As of today the MLB record books are integrating Negro Leagues records and including Negro League performances and history in the official record-keeping of major professional baseball.
This is fun for two reasons:
1) The unsurprising amount of hand-wringing from people who act like it's heresy to include those stats alongside "real" MLB ones without recognizing that all this move does is bring the Negro Leagues records up to the same point that numerous other leagues of the early days of organized pro baseball. The official record book of Major League Baseball has, since the 1960s, included records from 4 other major pro leagues from the late 1800s to mid 1910s that are not necessarily direct ancestors of the modern AL and NL but have been considered equivalent in talent and competition to the preeminent pro baseball of their eras. The fact that the Negro Leagues were not afforded the same consideration and inclusion was mostly down to a) racism and b) a lack of concrete and verified records of Negro Leagues competition.
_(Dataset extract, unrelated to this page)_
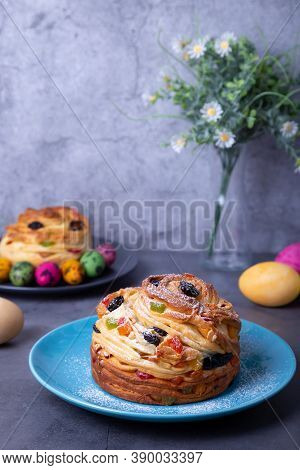 Craffin (cruffin) With Raisins, Nuts And Candied Fruits. Easter Bread Kulich And Painted Eggs. Easte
With the former having lessened with the passage of time and the latter having been rectified to the best of anyone's ability recently with a massive project to research, correct, restore, and verify as many game results and performances as possible, it's now reasonable to be able to put the Negro Leagues history alongside those other leagues as a major pro league of roughly equivlanet talent.
and 2) The fact that notoriously, virulently racist (even by the low standards of the time) Ty Cobb gets his career batting average record supplanted by Josh Gibson is hilarious.